# Introduction post



## toyah (Oct 6, 2008)

I recognise a fair number of the names here, and I assume there's a fair few people who know who I am. Thanks for the invite to the forum back in 2008, sorry it's taken me so long to post 

After a bit of a break from the showing and breeding world I am looking to get back into fancy rats and start properly showing and breeding mice.

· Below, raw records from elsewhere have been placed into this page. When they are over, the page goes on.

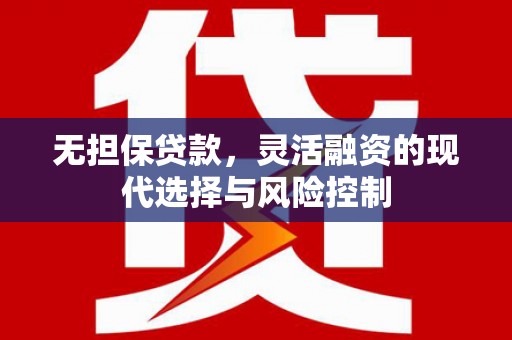 集集无担保贷款，灵活融资的现代选择与风险控制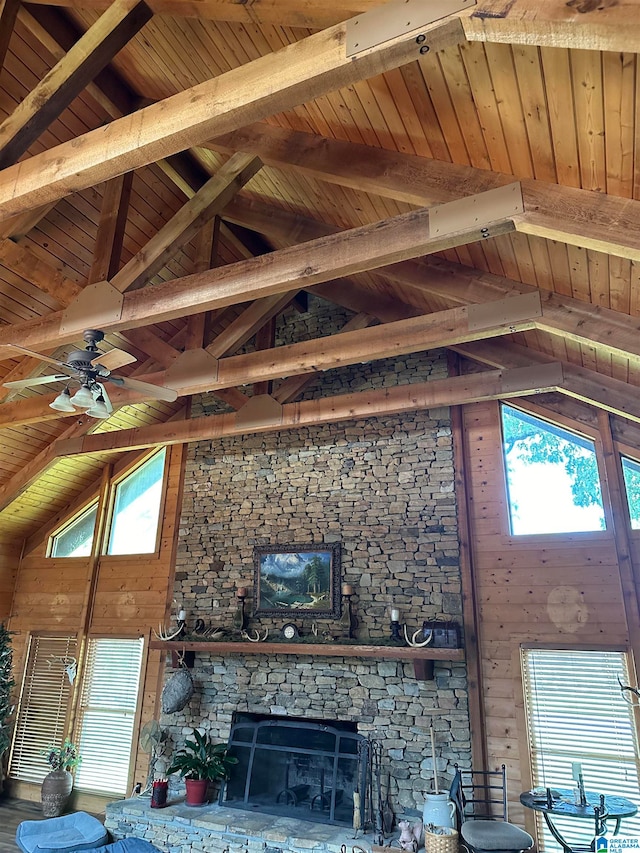 unfurnished living room with wooden ceiling, beam ceiling, a stone fireplace, and wooden walls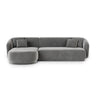 Gomera 4-Sitzer Ecksofa, Linke Seite, aus Samt in Grau (Salvador 17), 260x155x74 cm von Cosmopolitan Design – Bild 1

Aside from rats and mice, I also keep/breed/show (delete as appropriate) Somali cats, snakes, crested geckos, and multimammate mice. I have previously kept a few other things too.


----------



## SarahC (Oct 3, 2008)

:welcome


----------



## Maplewood Stud (Jan 2, 2009)

thank u for doin ur intro post, welcome to the forum x


----------



## Cait (Oct 3, 2008)

Hi Toyah,

Have you still got any mice? You've had a few from me before


----------



## toyah (Oct 6, 2008)

I have half a dozen or so, but I had to stop breeding for a while due to real life so not got any of your gang left unfortunately. It's a shame, the creams were really nice and the bandeds I'd created from crossing them into my semi-pet bandeds were getting bloody good!


----------



## julieszoo (May 27, 2009)

toyah! Great to see you here  Are you going to take up burmese rats again?


----------



## Rowangate (Jul 28, 2009)

Hi Toyah
Good to see you here. Hope you are keeping well. I haven't seen you since we judged in Finland together


----------